The White Horse Story
They have been portrayed as possessing exceptional properties, transcending the normal world by having wings (Pegasus from Greek mythology), or having horns (the unicorn). They are also thought to be the luckiest horses to ride into battle and often depicted as the preferred mounts of heroes and saints.
White horses are prevalent throughout mythology as symbols of power, resurrection, illumination, light, sun, peace, luck, magic, and vitality. As a rare or distinguished symbol, a white horse typically bears the hero- or god-figure in ceremonial roles or in triumph over negative forces. White horses still carry the heroes in our modern day stories from the Lone Ranger's Silver to J.R.R. Tolkien's choice of white for Gandalf's horse Shadowfax in the Lord of the Rings.
In my experience, the White Horses of my life have had a special place in my heart, beginning with a scruffy little lesson horse named Najan. My first true love, Najan carried me to my first blue ribbon and taught me how to canter.

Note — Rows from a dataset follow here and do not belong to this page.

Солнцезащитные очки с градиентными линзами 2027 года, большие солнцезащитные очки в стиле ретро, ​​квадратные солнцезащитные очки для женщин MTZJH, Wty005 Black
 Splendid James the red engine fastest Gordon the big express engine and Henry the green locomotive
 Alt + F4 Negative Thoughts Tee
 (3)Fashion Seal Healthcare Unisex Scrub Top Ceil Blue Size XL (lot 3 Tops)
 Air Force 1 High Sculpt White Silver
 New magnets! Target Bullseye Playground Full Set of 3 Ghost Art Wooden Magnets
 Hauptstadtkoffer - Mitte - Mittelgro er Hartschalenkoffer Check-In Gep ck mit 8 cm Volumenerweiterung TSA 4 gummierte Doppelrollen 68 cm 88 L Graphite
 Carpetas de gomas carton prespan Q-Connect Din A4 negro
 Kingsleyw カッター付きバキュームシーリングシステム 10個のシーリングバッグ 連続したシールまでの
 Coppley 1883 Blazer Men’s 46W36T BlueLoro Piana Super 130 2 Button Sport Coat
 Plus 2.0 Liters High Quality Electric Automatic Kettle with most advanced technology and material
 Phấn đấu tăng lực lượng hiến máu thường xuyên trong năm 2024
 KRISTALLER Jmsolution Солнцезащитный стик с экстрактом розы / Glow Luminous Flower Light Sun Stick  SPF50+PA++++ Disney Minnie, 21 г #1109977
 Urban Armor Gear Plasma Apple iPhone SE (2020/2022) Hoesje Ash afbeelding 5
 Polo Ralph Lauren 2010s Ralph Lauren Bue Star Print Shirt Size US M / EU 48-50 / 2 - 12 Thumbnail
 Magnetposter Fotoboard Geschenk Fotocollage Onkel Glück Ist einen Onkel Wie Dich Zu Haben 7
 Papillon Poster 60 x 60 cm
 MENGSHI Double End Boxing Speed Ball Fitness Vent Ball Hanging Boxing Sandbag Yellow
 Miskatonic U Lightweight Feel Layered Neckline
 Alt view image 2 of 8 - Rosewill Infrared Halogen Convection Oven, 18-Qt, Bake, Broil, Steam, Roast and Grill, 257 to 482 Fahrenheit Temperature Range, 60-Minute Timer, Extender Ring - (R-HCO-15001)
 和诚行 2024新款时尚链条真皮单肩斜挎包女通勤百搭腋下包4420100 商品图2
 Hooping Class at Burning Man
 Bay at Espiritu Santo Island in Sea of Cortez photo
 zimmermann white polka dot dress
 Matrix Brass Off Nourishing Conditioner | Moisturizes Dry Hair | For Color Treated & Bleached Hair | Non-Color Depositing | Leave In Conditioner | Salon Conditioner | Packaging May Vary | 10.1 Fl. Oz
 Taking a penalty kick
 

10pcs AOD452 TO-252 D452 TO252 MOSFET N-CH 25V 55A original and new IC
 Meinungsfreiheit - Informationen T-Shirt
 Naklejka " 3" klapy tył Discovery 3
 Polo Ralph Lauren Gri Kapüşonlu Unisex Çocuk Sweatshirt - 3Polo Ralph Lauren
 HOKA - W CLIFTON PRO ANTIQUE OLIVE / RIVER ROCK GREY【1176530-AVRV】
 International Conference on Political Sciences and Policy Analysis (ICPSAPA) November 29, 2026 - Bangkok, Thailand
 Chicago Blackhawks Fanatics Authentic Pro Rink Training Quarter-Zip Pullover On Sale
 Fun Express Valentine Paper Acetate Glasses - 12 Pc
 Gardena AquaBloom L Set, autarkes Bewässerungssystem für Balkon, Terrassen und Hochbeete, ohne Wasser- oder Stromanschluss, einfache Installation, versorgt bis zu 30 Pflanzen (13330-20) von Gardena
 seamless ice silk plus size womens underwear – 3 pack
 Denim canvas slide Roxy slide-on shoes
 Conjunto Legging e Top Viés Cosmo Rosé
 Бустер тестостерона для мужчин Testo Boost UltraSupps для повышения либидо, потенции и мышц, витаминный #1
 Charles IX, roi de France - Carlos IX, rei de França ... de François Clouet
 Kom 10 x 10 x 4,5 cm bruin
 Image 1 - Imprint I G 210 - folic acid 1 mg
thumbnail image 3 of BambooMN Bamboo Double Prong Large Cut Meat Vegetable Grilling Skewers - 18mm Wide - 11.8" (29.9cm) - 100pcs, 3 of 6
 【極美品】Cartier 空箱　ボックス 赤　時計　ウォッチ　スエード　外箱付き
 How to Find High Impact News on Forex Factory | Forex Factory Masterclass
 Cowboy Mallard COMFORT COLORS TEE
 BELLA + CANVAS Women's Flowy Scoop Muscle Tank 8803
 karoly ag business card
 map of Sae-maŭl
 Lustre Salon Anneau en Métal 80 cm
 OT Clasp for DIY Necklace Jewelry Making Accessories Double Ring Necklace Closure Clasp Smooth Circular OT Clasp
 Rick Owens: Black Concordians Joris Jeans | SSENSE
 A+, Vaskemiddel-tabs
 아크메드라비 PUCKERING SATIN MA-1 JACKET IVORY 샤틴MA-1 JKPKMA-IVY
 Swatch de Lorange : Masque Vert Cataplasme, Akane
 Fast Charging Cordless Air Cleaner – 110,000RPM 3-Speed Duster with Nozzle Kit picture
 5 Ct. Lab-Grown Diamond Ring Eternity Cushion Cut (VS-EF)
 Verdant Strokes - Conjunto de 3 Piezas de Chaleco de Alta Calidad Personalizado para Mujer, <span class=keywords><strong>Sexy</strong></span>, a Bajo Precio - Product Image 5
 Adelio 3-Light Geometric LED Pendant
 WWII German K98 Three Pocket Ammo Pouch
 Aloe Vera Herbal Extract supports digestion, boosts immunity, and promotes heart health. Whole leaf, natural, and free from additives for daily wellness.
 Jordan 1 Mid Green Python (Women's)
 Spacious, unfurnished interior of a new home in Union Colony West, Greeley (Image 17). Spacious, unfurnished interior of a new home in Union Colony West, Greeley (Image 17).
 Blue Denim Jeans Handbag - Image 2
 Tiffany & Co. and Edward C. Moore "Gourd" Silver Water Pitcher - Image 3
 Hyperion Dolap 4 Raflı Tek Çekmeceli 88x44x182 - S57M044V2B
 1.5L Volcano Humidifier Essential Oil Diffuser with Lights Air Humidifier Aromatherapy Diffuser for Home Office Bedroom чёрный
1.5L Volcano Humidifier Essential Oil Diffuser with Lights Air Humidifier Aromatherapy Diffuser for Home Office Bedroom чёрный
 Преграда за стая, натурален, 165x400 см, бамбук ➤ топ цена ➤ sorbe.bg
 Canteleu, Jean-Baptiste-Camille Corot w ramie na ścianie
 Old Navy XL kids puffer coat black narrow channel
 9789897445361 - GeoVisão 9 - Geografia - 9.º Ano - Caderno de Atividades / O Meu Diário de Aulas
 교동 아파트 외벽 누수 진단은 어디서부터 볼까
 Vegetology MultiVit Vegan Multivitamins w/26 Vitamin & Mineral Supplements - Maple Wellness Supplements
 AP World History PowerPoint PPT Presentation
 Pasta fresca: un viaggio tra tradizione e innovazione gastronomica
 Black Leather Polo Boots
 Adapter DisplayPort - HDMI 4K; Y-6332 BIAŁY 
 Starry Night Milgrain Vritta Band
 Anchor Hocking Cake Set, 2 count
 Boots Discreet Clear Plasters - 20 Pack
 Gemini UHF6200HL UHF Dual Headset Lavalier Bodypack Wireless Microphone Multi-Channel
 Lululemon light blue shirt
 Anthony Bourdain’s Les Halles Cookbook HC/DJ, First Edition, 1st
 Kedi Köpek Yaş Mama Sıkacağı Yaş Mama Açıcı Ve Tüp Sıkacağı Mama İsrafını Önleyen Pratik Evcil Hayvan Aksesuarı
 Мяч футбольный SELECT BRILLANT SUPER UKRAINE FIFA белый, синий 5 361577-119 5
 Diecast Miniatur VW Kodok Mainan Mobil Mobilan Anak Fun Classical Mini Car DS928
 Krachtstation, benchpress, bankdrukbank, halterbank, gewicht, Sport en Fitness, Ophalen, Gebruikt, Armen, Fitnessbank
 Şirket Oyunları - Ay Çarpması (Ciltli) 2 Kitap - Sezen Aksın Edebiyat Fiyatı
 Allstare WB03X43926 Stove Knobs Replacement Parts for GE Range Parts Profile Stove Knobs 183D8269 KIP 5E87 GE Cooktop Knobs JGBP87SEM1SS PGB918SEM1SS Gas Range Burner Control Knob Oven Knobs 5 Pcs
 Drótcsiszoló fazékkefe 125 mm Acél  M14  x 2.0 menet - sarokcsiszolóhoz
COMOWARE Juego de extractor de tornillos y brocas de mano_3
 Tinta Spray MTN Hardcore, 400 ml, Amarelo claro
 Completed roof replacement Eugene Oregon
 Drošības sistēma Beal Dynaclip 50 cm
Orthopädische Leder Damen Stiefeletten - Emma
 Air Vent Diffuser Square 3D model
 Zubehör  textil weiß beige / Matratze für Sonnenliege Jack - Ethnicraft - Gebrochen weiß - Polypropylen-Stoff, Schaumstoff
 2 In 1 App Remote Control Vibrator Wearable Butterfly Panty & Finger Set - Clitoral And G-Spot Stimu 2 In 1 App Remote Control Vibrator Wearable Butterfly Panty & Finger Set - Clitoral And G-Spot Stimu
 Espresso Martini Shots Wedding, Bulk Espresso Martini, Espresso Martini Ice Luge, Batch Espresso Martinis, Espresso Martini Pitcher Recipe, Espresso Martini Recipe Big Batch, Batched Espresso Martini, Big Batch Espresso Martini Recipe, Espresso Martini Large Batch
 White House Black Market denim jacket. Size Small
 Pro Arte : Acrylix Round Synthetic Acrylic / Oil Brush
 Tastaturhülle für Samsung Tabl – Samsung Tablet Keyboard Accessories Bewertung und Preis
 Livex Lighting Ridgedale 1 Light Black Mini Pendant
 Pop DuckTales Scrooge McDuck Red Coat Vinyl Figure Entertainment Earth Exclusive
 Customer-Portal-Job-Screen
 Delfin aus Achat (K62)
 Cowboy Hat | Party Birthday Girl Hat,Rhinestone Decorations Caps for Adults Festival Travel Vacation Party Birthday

When I got scared after falling off a plain old brown horse, I regained my confidence and will to ride on my hero-horse Najan.
In high school, most of my riding was aboard a fussy, high-strung, grey mare who was born at the stable the year I began riding, and passed away on the day I was visiting my parents in Illinois from California 28 years later. “Sadie” was almost completely white on the day we got to hug goodbye. It struck me that I hadn't realized she was one of “My White Horse Heroes”, seeing as she had literally carried me through my tumultuous adolescence, until that day.
While there have many other white horses (horses of other colors, too) in my life, my greatest teacher, and the White Horse who serves as the symbol for this venture, was a white Arabian gelding named High Regard, or Reggie, to me and his riding students. A true mentor, Reggie was constantly reminding me that the lesson wasn't about learning to stop, steer or post, but to pay attention, stop taking yourself so darn seriously, and have fun! He was a partner and a friend, teaching me humility and humor every day we worked together. Although I suspect we've spent many lifetimes together, I met him in this life when I rescued him from a nearly abandoned barn at 19 years young, and he repaid his gratitude in spades with innumerable lessons and smiles.
On Reggie's last day on earth, I took him out for some grass, and got one last lesson when I put the lead rope down a minute to take a picture of my beautiful old white horse in the sunshine. I could feel him smile just before he started down the hill toward the barn, me ridiculously running after him! A teacher to the end, I thank him every day for reminding me to keep learning and laughing.